Exercise directions:
The full listing, returned exactly and free of pictures, is the expected answer.

Dataset extract:

=== Begin Enclosure ===

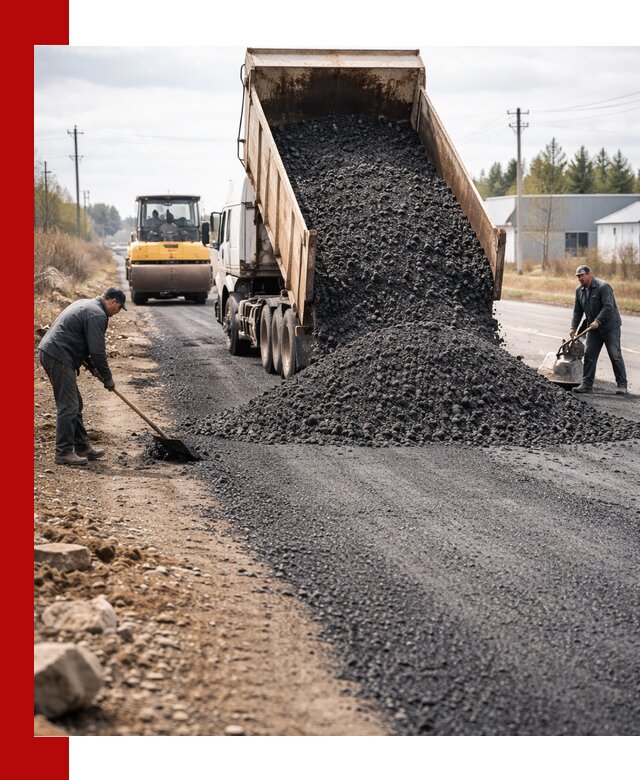 Асфальтовая крошка для дорог в Вятских Поляне — поставка и доставка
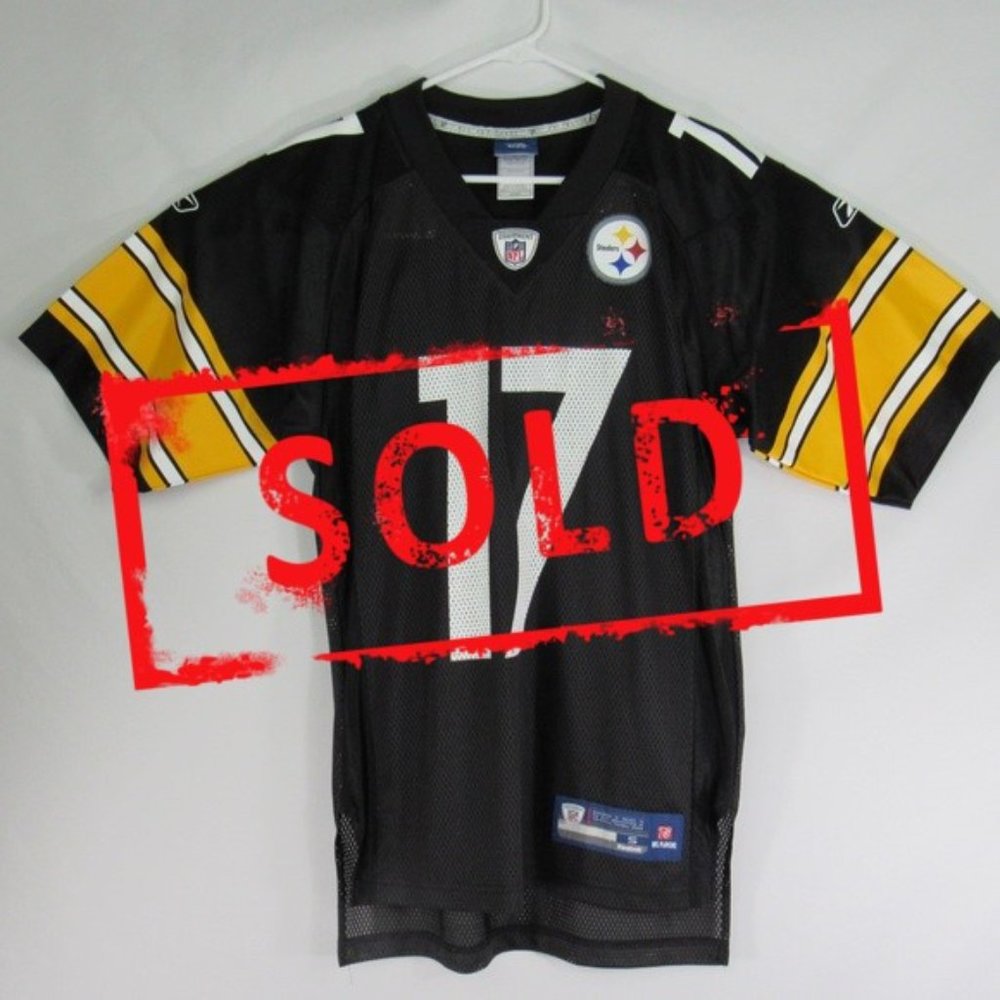 Reebok NFL Pittsburgh Steelers Wallace #17 Jersey - Picture 1 of 10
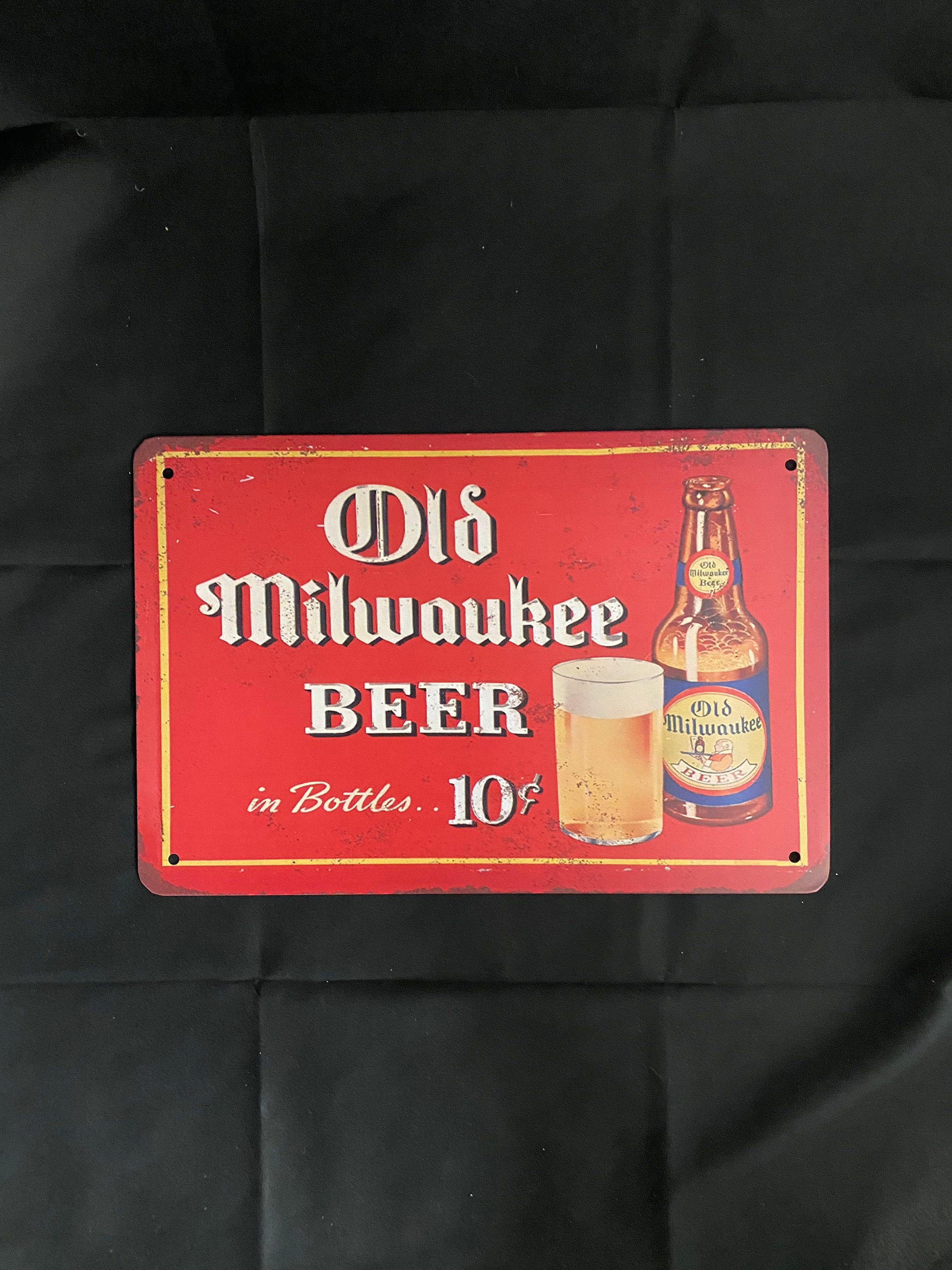 Old Milwaukee Beer Vintage Antique Collectible Tin Sign Metal Etsy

=== End Enclosure ===

Solution for this exercise:
 Асфальтовая крошка для дорог в Вятских Поляне — поставка и доставка
 Reebok NFL Pittsburgh Steelers Wallace #17 Jersey - Picture 1 of 10
 Old Milwaukee Beer Vintage Antique Collectible Tin Sign Metal Etsy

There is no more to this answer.